Szef Google odwiedził Uniwersytet w Phenianie
Szef jednej z największych firm internetowych Google Eric Schmidt odwiedził we wtorek Uniwersytet w Phenianie w ramach wywołującej kontrowersje prywatnej wizyty. Przyglądał się, jak studenci na najlepszej uczelni w Korei Płn. korzystają z sieci - donosi AP.
Ze Schmidtem do Phenianu przybył w poniedziałek m.in. były gubernator stanu Nowy Meksyk Bill Richardson, który w ciągu ubiegłych 20 lat kilkakrotnie podróżował do Korei Płn.
Jak poinformowała agencja Associated Press, studenci pokazywali amerykańskim gościom, w jaki sposób wyszukują dokumenty przy użyciu Google i Wikipedii.
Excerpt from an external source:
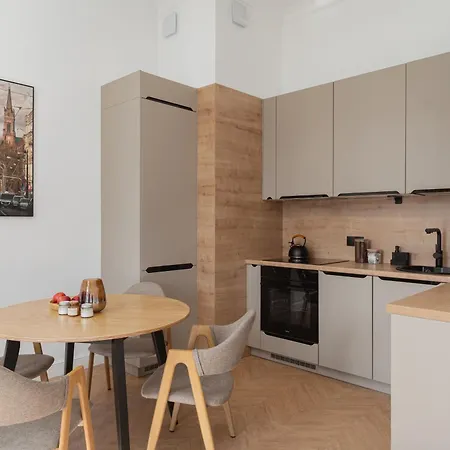 Retro Design Spot Close To Off-piotrkowska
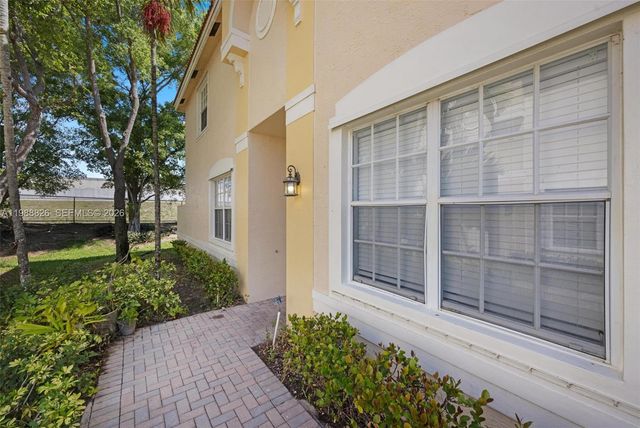 12471 SW 42nd St, Miramar, FL 33027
Więcej szczegółów nie podano.
W komunistycznej Koreańskiej Republice Ludowo-Demokratycznej korzystanie z internetu wymaga zezwolenia władz i jest obwarowane restrykcjami. Większość tamtejszych internautów ma dostęp tylko do krajowego systemu intranet, a nie do globalnej sieci World Wide Web.
Celem czterodniowej prywatnej wizyty Schmidta i Richardsona ma być - jak mówią oni sami - m.in. wyjednanie uwolnienia aresztowanego tam w ubiegłym roku obywatela USA pochodzenia koreańskiego, przewodnika wycieczek Kennetha Bae.
Krytycznie do wizyty Amerykanów w Korei Płn. odniosły się władze USA. Wizyty nastąpiła w niecały miesiąc po wystrzeleniu przez Koreę Północną sztucznego satelity ziemi. Zdaniem Waszyngtonu był to w rzeczywistości test rakiety balistycznej, a więc złamanie rezolucji Rady Bezpieczeństwa ONZ, zabraniającej Phenianowi dalszego forsowania zbrojeń nuklearnych i rakietowych.